Вера в рай — вот выход, который нашли христиане в борьбе со смертью. Но, начиная с эпохи Возрождения, эта вера стала всё больше и больше развеиваться[1]. Вопрос о смысле жизни всё чаще и чаще стал переноситься с неба на землю. Всё чаще и чаще люди стали обращать свой взор к человеку, чтобы найти смысл его жизни в самой этой жизни. Но что они увидели?

«Наша жизнь, — писал А.И. Герцен, — постоянное бегство от себя, точно угрызения совести преследуют и пугают нас. Как только человек становится на свои ноги, он начинает кричать, чтобы не слыхать речей, раздающихся внутри.
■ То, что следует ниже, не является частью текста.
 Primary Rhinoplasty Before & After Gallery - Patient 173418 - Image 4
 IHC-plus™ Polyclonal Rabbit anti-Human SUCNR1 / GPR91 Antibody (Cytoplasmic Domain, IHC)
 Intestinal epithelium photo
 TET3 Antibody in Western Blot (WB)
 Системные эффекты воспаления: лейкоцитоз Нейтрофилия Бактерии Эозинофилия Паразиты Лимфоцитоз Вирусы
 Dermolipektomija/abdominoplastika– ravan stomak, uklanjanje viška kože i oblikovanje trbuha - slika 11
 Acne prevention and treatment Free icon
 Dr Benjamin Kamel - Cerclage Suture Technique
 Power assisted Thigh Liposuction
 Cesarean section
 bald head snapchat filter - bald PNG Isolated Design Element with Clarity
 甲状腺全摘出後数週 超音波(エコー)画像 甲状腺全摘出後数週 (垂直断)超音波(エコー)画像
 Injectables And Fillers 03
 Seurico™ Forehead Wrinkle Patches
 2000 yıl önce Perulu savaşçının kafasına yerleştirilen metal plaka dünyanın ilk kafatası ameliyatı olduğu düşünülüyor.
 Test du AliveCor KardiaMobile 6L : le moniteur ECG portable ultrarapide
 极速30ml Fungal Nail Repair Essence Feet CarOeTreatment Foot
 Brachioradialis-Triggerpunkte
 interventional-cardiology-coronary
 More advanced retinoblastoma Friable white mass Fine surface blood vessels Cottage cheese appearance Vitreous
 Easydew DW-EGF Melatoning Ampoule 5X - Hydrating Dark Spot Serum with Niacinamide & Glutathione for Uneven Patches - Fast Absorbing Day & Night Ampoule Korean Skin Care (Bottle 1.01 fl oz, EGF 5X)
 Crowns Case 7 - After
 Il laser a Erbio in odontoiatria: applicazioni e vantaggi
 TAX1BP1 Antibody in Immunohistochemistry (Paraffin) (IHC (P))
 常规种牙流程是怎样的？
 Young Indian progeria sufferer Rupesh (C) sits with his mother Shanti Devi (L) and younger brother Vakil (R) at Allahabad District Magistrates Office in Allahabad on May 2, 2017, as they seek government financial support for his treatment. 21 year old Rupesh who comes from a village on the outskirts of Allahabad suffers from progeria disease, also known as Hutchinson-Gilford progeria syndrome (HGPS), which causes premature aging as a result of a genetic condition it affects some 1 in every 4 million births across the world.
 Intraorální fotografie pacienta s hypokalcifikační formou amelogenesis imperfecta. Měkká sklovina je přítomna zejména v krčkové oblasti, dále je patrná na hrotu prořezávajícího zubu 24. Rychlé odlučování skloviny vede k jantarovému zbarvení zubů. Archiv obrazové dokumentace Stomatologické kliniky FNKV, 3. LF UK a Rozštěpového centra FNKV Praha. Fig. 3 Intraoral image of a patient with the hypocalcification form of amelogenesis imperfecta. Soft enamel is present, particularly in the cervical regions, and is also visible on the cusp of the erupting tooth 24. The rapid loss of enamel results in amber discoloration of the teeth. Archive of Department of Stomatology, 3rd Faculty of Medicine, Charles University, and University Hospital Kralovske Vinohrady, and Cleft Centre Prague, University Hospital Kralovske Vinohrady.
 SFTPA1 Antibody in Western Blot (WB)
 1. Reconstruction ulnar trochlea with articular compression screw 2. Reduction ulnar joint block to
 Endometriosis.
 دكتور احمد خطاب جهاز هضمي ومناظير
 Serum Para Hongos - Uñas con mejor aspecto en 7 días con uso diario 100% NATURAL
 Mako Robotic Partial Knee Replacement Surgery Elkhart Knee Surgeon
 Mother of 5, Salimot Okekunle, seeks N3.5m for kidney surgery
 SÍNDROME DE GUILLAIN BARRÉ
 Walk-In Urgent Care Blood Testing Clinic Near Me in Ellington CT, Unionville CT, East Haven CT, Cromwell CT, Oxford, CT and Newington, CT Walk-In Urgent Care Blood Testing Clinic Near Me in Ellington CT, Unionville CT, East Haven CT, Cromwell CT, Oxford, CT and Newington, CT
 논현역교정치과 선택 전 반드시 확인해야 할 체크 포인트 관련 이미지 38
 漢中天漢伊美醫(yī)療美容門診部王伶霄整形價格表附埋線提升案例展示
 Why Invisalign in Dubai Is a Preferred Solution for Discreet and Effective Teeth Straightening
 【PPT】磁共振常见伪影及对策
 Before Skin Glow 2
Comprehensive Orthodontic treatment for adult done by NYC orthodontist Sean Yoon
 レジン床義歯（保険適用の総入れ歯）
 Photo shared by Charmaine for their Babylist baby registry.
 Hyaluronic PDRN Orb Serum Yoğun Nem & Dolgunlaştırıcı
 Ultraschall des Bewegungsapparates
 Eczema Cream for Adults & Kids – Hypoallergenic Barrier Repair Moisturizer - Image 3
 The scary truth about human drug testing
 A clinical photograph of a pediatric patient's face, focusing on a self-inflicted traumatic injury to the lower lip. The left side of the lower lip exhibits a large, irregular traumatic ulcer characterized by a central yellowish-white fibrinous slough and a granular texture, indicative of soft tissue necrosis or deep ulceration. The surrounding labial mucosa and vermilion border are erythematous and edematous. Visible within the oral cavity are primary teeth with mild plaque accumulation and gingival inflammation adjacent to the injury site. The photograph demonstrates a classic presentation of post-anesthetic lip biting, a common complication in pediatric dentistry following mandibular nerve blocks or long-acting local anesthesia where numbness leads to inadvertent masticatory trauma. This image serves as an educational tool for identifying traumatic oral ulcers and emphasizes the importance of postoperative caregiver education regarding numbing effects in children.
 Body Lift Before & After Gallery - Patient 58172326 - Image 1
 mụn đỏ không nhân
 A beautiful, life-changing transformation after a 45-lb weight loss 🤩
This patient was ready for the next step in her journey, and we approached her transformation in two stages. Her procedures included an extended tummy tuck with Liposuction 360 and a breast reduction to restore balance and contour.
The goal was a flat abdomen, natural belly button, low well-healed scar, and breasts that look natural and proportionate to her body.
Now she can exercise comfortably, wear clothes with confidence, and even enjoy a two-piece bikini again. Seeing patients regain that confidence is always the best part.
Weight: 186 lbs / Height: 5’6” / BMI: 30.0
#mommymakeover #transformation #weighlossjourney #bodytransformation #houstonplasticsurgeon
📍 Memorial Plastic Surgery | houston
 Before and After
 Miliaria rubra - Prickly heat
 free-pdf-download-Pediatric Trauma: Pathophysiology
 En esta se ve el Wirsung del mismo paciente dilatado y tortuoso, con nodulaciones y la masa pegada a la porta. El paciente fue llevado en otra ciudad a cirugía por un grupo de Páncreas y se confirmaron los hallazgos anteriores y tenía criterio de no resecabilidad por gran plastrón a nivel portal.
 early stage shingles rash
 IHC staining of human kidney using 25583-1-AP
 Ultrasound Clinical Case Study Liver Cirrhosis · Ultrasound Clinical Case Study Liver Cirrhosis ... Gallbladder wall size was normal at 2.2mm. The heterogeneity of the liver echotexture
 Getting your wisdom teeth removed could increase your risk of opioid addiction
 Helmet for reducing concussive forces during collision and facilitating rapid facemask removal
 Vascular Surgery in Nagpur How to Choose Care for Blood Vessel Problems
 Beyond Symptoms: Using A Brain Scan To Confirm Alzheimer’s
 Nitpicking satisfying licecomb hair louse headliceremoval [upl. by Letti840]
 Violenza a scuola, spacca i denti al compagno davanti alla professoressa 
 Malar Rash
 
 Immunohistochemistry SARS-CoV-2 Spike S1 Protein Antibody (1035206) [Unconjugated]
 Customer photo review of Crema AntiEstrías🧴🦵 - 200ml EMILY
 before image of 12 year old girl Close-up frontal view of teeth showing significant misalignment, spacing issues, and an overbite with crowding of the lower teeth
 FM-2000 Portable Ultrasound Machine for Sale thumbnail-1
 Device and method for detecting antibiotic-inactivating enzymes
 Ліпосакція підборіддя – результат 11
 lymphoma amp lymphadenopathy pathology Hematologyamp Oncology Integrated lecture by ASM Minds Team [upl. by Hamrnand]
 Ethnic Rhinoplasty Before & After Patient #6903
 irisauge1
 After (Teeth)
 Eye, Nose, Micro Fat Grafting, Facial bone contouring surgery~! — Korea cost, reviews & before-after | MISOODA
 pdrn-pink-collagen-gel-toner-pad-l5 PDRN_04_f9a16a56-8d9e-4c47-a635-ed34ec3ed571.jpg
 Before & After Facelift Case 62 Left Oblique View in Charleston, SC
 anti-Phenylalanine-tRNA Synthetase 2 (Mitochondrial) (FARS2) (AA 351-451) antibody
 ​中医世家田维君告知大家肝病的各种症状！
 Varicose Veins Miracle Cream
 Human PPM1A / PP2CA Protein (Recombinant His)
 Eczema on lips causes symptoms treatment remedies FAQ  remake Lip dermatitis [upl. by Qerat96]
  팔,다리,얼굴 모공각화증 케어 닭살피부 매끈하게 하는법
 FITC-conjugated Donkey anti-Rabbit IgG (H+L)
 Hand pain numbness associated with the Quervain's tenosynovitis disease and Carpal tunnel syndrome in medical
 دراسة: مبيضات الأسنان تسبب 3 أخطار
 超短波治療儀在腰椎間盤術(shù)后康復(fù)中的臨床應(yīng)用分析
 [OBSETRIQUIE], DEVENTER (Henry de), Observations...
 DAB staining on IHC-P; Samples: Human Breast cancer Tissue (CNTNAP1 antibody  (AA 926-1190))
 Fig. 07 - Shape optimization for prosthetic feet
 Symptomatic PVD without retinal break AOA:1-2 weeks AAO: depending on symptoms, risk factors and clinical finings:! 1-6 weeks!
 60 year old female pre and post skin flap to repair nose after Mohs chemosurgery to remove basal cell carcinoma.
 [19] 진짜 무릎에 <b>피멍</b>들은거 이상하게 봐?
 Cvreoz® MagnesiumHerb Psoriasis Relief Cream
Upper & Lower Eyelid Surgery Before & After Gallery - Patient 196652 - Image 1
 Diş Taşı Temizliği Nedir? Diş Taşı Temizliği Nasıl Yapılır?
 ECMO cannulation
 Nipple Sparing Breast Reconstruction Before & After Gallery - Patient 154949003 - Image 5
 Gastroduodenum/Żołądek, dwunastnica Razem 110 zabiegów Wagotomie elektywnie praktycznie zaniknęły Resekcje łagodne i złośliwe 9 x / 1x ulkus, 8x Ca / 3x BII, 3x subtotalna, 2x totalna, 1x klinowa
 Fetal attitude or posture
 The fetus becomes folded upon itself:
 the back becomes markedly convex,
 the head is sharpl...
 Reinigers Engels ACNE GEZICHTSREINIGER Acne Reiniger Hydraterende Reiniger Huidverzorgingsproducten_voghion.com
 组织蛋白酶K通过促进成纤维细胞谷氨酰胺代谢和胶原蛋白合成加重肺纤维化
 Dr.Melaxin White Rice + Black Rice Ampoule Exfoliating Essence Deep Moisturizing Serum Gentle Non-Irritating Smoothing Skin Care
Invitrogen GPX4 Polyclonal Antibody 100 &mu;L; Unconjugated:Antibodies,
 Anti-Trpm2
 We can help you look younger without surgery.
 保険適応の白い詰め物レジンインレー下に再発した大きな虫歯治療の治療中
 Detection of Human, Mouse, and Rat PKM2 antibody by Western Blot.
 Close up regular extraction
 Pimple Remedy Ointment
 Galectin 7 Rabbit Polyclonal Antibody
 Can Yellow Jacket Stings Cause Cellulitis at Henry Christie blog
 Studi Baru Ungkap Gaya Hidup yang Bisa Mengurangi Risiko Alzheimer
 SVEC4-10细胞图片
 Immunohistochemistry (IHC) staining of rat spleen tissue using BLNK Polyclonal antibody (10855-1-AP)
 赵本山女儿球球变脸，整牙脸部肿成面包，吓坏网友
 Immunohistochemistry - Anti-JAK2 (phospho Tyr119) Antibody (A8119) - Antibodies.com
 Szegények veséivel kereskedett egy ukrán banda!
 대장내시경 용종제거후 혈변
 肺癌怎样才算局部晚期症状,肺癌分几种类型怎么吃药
Ему грустно — он бежит рассеяться; ему нечего делать — он выдумывает себе занятие; от ненависти к одиночеству он дружится со всеми, всё читает, интересуется чужими делами, женится на скорую руку. Кому и эта жизнь не удалась, тот напивается всем на свете: вином, нумизматикой, картами, скачками, женщинами, благодеяниями, ударяется в мистицизм, идёт в иезуиты, налагает на себя чудовищные труды, и они всё-таки легче кажутся, чем какая-то угрожающая истина, дремлющая внутри его. В этой боязни исследовать, чтобы не увидать вздор исследуемого, в этом искусственном недосуге, в этих поддельных несчастиях, усложняя каждый шаг вымышленными путами, мы проходим по жизни спросонья и умираем в чаду нелепостей и пустяков, не пришедши в себя» (Л.Н. Толстой в воспоминаниях современников. Т. 2. М., 1960, с. 323). У Льва Николаевича, как вспоминал Н.Н. Гусев, «блестели слёзы на глазах», когда он слушал эти пронзительные слова А. И. Герцена.

вернуться

1

Вот что писал о рае Л.Н. Толстой в своём дневнике: «Люди много раз придумывали жизнь лучше той, какая есть, но, кроме глупого рая, ничего не могли выдумать» (Толстой Л.Н. Собр. соч.: в 20 т. Т. 20. Дневники 1895–1910 гг. М., 1965, с. 283).